## What needs to be done
Your copy should match the listing below exactly, except that it holds no images.

## Information provided
+---+
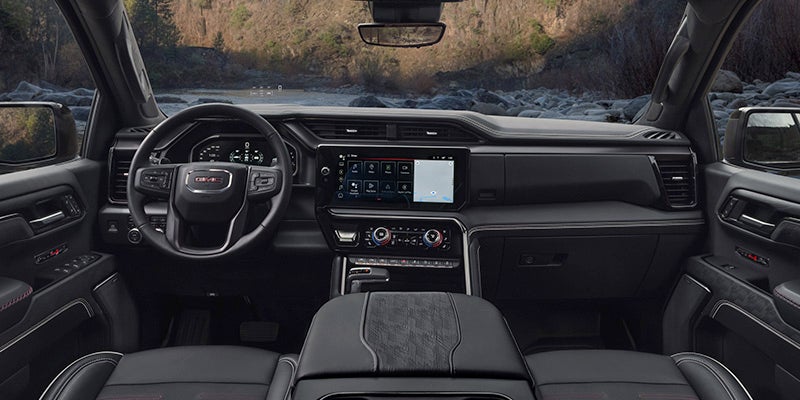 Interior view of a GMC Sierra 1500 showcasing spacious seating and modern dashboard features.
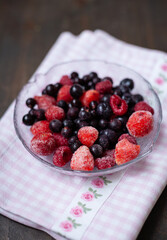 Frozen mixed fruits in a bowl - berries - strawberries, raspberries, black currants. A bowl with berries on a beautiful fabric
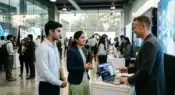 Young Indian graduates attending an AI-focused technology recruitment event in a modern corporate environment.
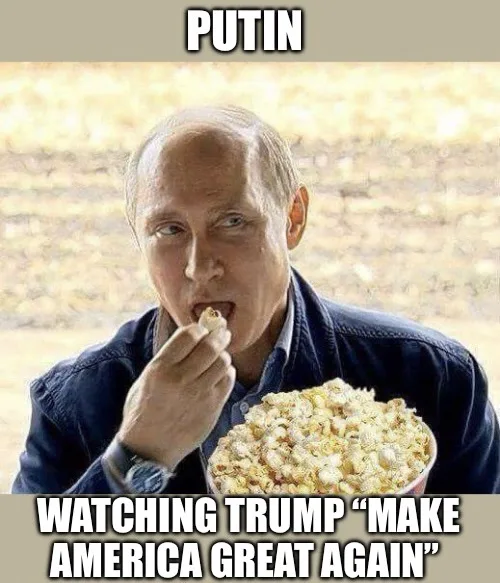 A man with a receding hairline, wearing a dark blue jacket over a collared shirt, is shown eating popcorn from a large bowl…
+---+
## Answer box
 Interior view of a GMC Sierra 1500 showcasing spacious seating and modern dashboard features.
 Frozen mixed fruits in a bowl - berries - strawberries, raspberries, black currants. A bowl with berries on a beautiful fabric
 Young Indian graduates attending an AI-focused technology recruitment event in a modern corporate environment.
 A man with a receding hairline, wearing a dark blue jacket over a collared shirt, is shown eating popcorn from a large bowl…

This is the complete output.